Zarząd Domu Development rekomenduje najwyższą w historii dywidendę, po 9,5 zł na akcję. Daje to stopę 9,1 proc. wobec czwartkowego zamknięcia, ale kto złapał papiery na dołku , po 85,2 zł, cieszy się stopą 11,2 proc. - nie wspominając o 23-proc. zwrocie dzięki odbiciu do nowych wieloletnich maksimów.
„Intencją zarządu jest zwiększanie w kolejnych latach kwot dywidendy na akcję zarówno w ujęciu nominalnym, jak i realnym, co oznacza, że stopa wzrostu dywidendy na akcję powinna przekraczać stopę inflacji mierzoną wskaźnikiem cen towarów i usług konsumpcyjnych" – czytamy w komunikacie spółki.

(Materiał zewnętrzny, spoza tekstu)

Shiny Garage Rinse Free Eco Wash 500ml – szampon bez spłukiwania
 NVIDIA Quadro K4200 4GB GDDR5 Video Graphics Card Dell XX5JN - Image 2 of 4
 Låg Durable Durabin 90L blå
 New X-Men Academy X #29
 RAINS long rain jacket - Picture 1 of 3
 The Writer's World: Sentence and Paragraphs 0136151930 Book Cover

W 2019 r. spółka miała 256 mln zł skonsolidowanego zysku netto (wzrost o prawie 13 proc.) i 305 mln zł zysku jednostkowego (wzrost o 42 proc.). Deweloper przekazał klucze do 3,48 tys. mieszkań – to co prawda o 4 proc. mniej w ujęciu ilościowym, ale wsparciem był wzrost cen. Skonsolidowane przychody utrzymały się na poziomie 1,66 mld zł, ponadto marża brutto ze sprzedaży wzrosła z 27,5 do 30 proc.
Jaki jest potencjał przekazań na 2020 r. i na jaką sprzedaż nastawia się grupa – o tym zarząd powie na piątkowej konferencji, która rozpoczyna się o 10:30.